Gladiolus watermeyeri, native to the Cape of South Africa, is a fragrant, small wild gladiolus that makes a nice potted greenhouse subject bloomin in March. Even as the snow falls outside ( 12 inches tomorrow???) this beauty is protected under glass.
 This is the time of year when I feel a little guilty about not sharing my collection at some of the spring flower shows, such as Philadelphia or Boston, but honestly, I just don't have the time. So my little spring flower show remains private, and something I share with a few friends. In mid March, there are so many bulbs and South African plants in bloom in my greenhouse, that sometimes the display is almost a little obscene. I will try to share some of the best photos here, since after all, this blog is as good as a spring flower show, right? Ok, so there isn't any wood bark mulch, you got me.

Full pot images of Lachenalia aloides var.
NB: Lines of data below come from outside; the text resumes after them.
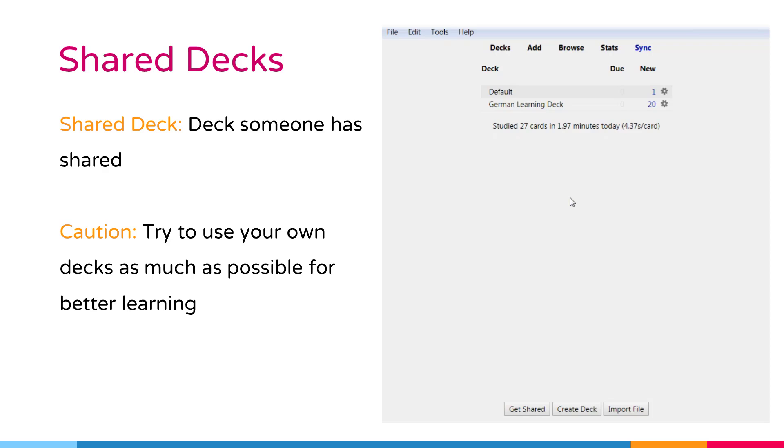Creating your own deck is the most effective way to learn a complex subject. Subjects like language and the sciences can't be understood simply by memorizing the facts. They require explanation and context to learn effectively. Furthermore, inputting the information yourself forces you to decide what the key points are, leading to a better understanding.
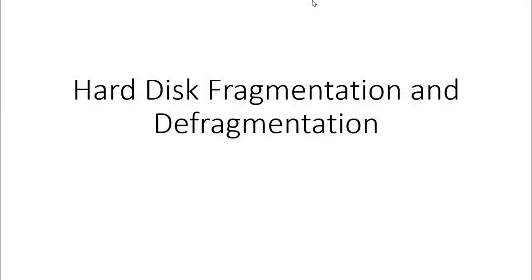Hello everyone, welcome to Teach Tech. In this video I'm going to explain hard disk fragmentation and defragmentation, and also how we can defragment our hard drive simply using Windows operating system default features. So let's get started.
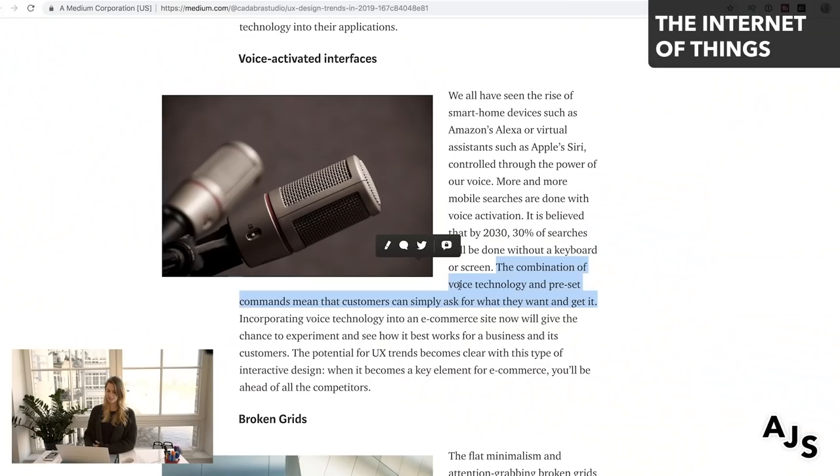Combining voice technology and preset commands means customers can simply ask for what they want and get it. A great example is how Google Assistant has integrated with Uber — you can say 'Order me an Uber to go to work' and Google Assistant knows where you work, knows where you live, and can order it instantly without you having to put in all that extra information. It's a really good example of integrated voice interfaces.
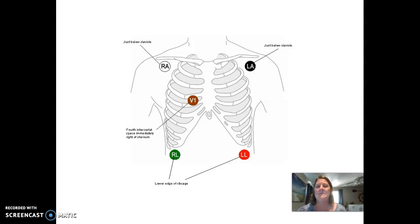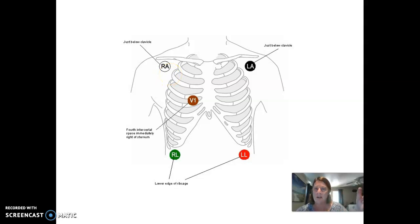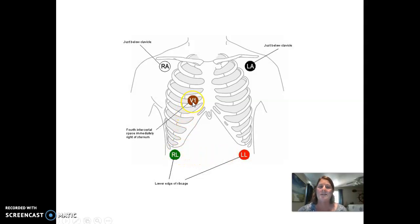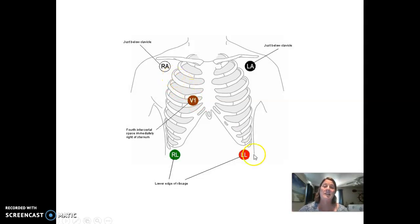With five-lead systems, you place leads the same way every time and just change which direction you want the monitor to read on the screen. White RA goes towards the right arm, black goes towards the left arm, red goes towards the left leg, green goes towards the right leg, and the brown one — V1 — goes in the fourth intercostal space to the right of the sternal border. Then you change the vector from the machine, whether you want it to read lead two or MCL, and it changes the direction vector it's reading.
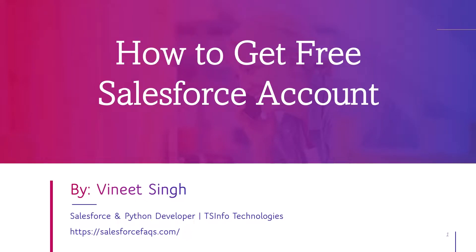Hello everyone, welcome to our brand new series on Salesforce. In this video we are going to learn how to get a free Salesforce account.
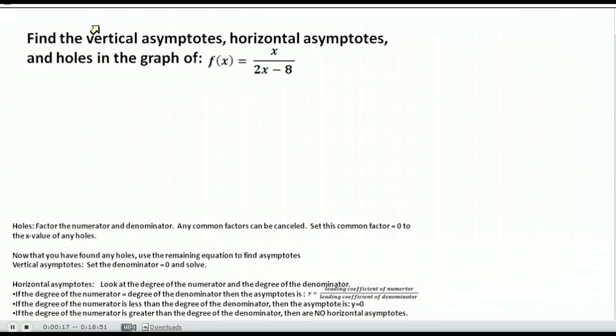Asymptotes and holes for the graph. Asymptotes are places on the graph where they are not part of your domain, so you have a break in your graph there.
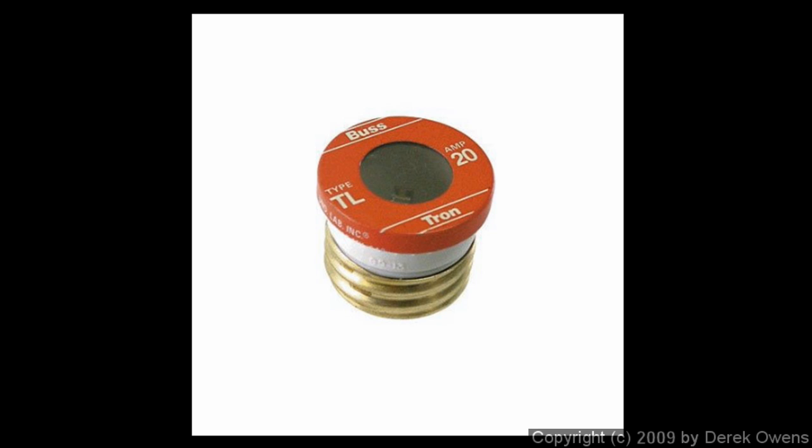This is the type of fuse that was often seen in homes. These have been replaced with circuit breakers in most cases now, but look at the bottom. It looks like the bottom of a light bulb, and in fact it's about the same size and shape as a light bulb.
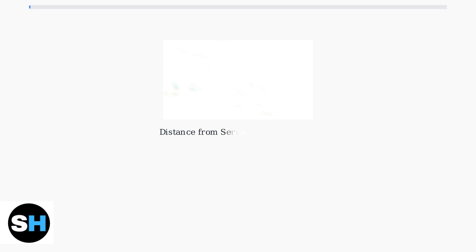Several factors can cause high ping in Arena Breakout. The most common include network congestion from multiple devices, distance from game servers, and suboptimal router settings.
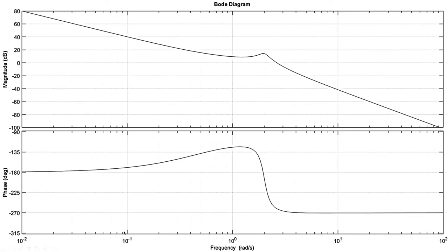Moving on to 10 to the power 0, the gain decreases to approximately 10 dB. For this first part, the gain is dropping from 80 dB to 40 dB over one decade of frequency — a slope of minus 40 dB per decade. This means there are actually two integrators, or two poles at the origin, causing this behavior.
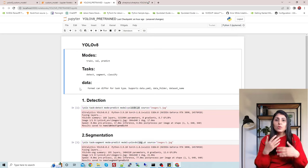These are my predictions — the different detections by my custom model. This is how you can train your custom model. In upcoming videos I'll show how to train image segmentation and image classification models as well. I hope this video was helpful. If you liked it, please like, share, and subscribe. Thank you for watching.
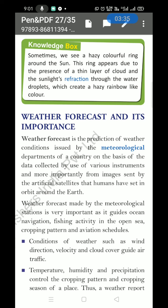Sometimes we can see colorful rings around the Sun. This ring appears due to the presence of a thin layer of cloud and the refraction of sunlight. Refraction means a change in direction — like light hitting a mirror and reflecting. Light passing through water droplets changes direction, creating a hazy rainbow-like color. We know that rain and sunlight together create a rainbow.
Vanzyliae,  with its striking spotted leaves, and Gladiolus watermeyeri, making a nice collection even nicer, as most gladiolus species are too weak for display in small pots.
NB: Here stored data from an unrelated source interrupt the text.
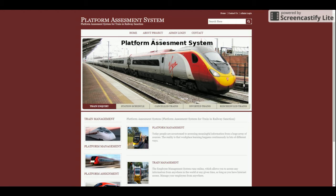Hello friends, welcome to freeprojects.com. This is my new project: Platform Assessment System. In this project you will be able to manage platform details and assign platforms to trains. I have implemented this project in Java, JSP, with MySQL as the database, running on Tomcat server. You can easily configure this project in Eclipse or NetBeans environments.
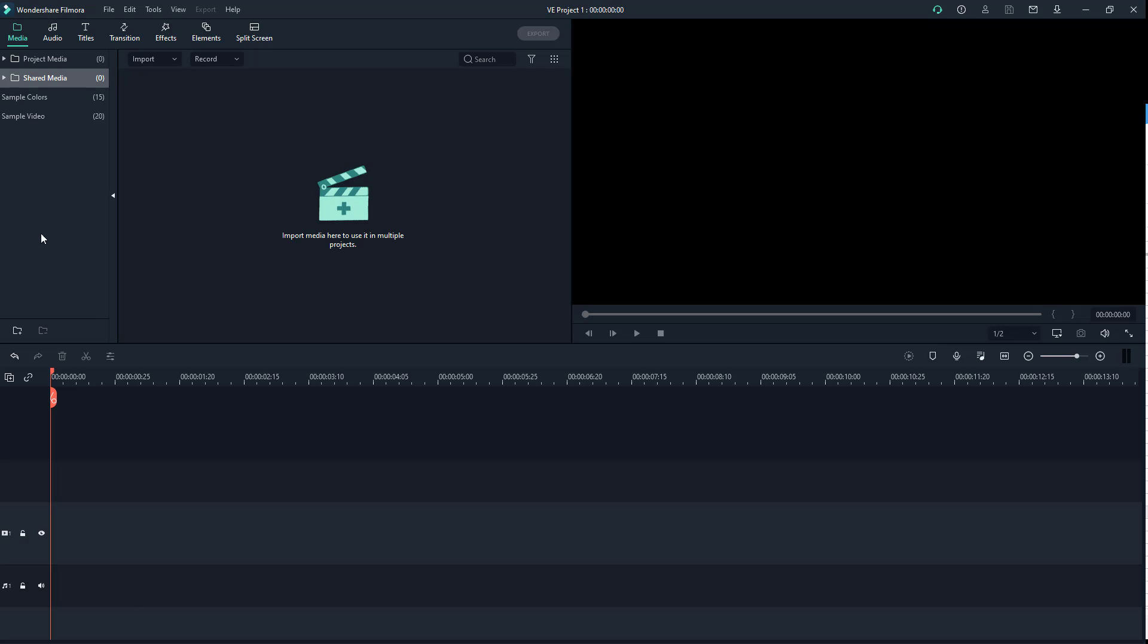On the left side of Filmora, under the media tab, you can manage folders. To be more organized while editing videos, you might want to import different content into different folders.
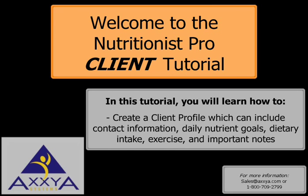Welcome to the Nutritionist Pro client tutorial. In this tutorial, you will learn how to create a client profile, which can include contact information, daily nutrient goals, dietary intake, exercise, and important notes.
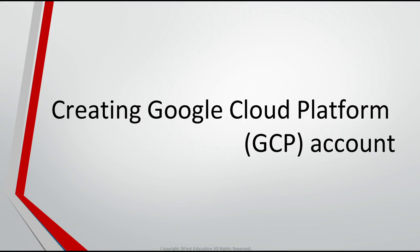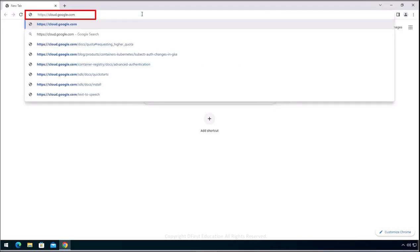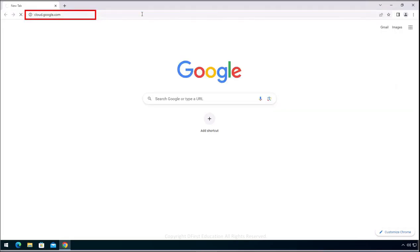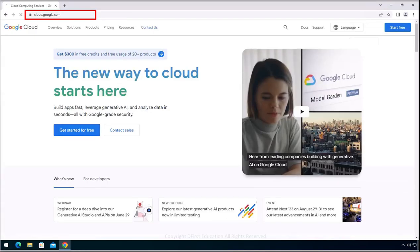In this video, you can confirm how to create a Google Cloud Platform account. Let's move on to the website of Google Cloud. Please click Start Free.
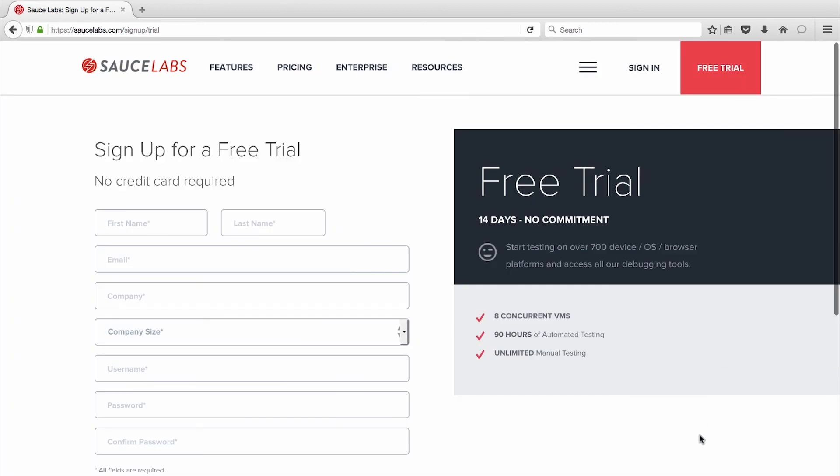Or if you're interested in an enterprise trial that also includes access to real devices, contact us at sales@SauceLabs.com.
Veltheimia ' Lemon Flame' has more green than one may at first believe.  It could be named 'Lime Flame'.

OK, Oxalis annae is technically South African, but hey, it is 'clover-like', right?  So Irish, it is.

More Lachenalia aloides species, here is L. aloides var. aurea, with only a hint of green, but lovely in the raised bulb plunge bed in the front of the greenhouse.
Lachenalia aloides selections get their name from the fact that their blossoms look like that of the aloe ( compare for yourself with the aloe in bloom in the back of this image. 

More Lachenalia species grouped together, so that you can see the scale, foliage and other variations side-by-side/

...and Lachenalia aloides var. Luteola, just beginning to bloom. Look at how green the open blossoms become, while on the same inflorescence, the buds are scarlet.

Irish of the terrier kind. Our Irish Terrier puppies are getting bigger! Official now, the girl's name is Daphne, and the boy, Weasley. Lydia (middle) looks pissed because she was caught attacking the turkeys this morning after sneaking out of bed, and zipping out of the house via the cellar door. Bad dog, no cookie.

Finally, yes...according to Yankee lore, March 17th in New England is the traditional time to plant peas. I am settling on sowing some Sweet Pea seeds, this year, I am focusing on black and those known as flakes - striped, speckled and broken flowers that were once so popular in 1900.

1 comment :

  1. The dogs look very keen to get inside!